Weekly Response 7

The remarkable thing about the environmental crisis we are facing is that the answers are clear and available. Some of them are so common sense and obviously beneficial that I am surprised they have not been entirely adopted. Green engineering is a the path mankind needs to go along but first it must overcome the inertia of a shirt-sighted, profit minded world.

Green engineering is based on three tenets that radically warp how we deal with development and waste but are totally logical intrinsically. Solar income is an underutilized resource. There is essentially an endless spherical battery floating in the sky that we are not taking advantage of. The argument that it is too expensive to harness this energy is misguided. The movement to solar will have to happen at some point, whether it is before we run out of oil or not. Any time spent not utilizing the sun as a resource adds to a pile of money and time that has been wasted. The sun supplies energy that can be used to convert useless matter into useful matter and sidesteps the need for unclean fuel sources.

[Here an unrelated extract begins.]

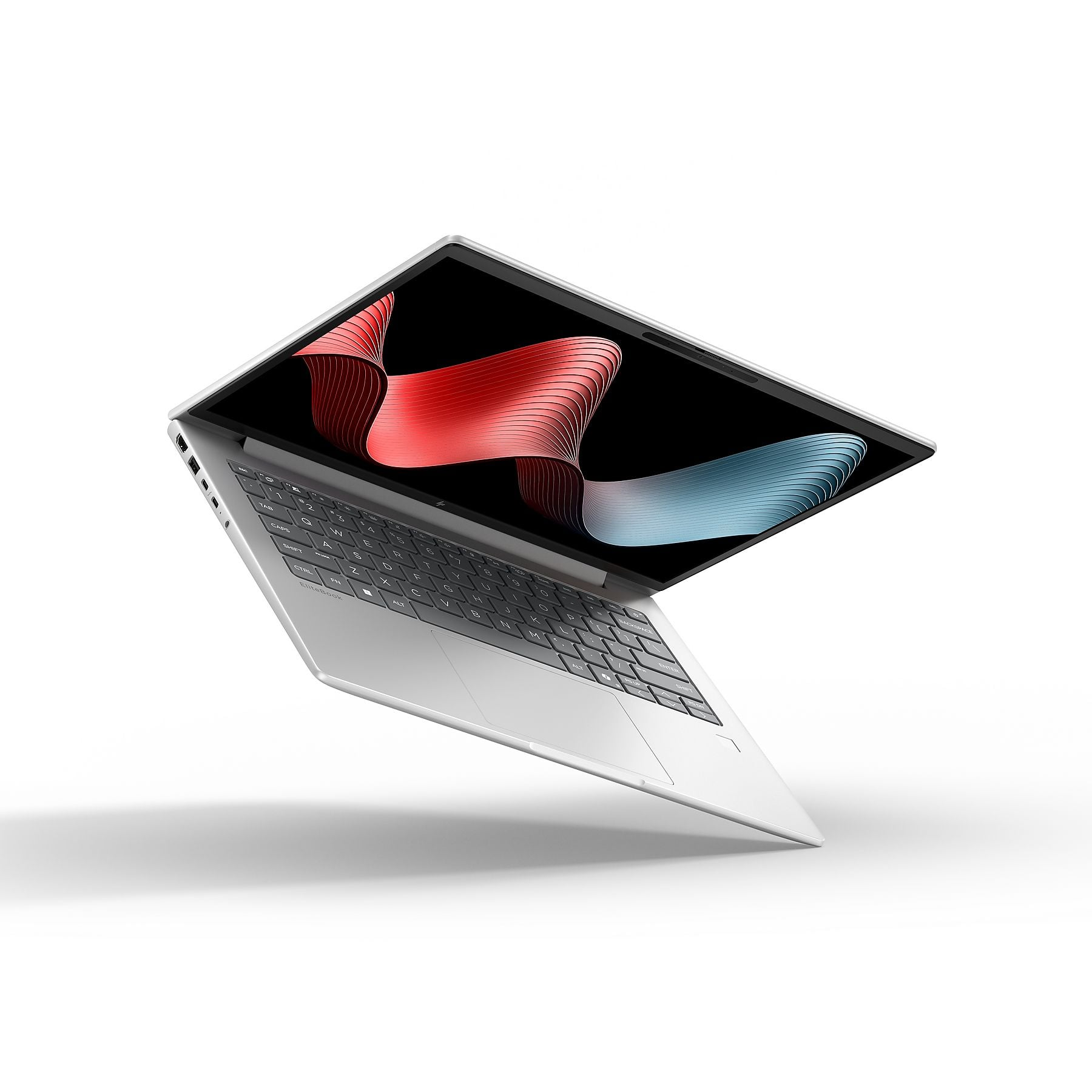 Un laptop argentato con lo schermo aperto, che mostra uno sfondo astratto di onde rosse e blu.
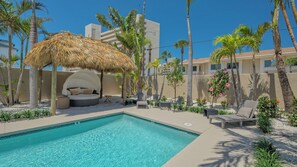 A pool area with a thatched-roof seating area, lounge chairs, and a clear blue pool. - A Shell House Compound (Siesta Key)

This segues into the second tenant. Waste is food. Green engineering seeks to close the loop, transforming the linear relationship of resource to waste into a circle of recycling and valorization. During the black rock forest trip, I came across a toilet that did not flush. Instead, it allowed any material going into it to fall down a chute into a composting pit. All this waste went to provide nutrients for crops in the area. This is not the most elegant example of waste as food but it is the most direct. Applied to a more urban area, plastic bottles can be melted down and reused. Perhaps buildings can be outfitted so that wastewater from dishes and restrooms is routed to a rooftop garden.

The third tenet, which is the least tangible but the most important philosophically, is appreciation of diversity. People who claim not to care about biodiversity can shrug many of the problems that the environment faces. These people need to be made aware of the benefits of wetlands, the good that can come of mosquitos, and the knowledge that the intricate equilibrium nature has cannot be fully understood but must be respected. There must also be respect for local diversity. Each environment faces its own problems and has its own challenges. Urban areas specifically have unique challenges that environmental initiatives need to take into account in order to catch on. Green engineering is the path we need to take. Hopefully society realizes the benefits in time.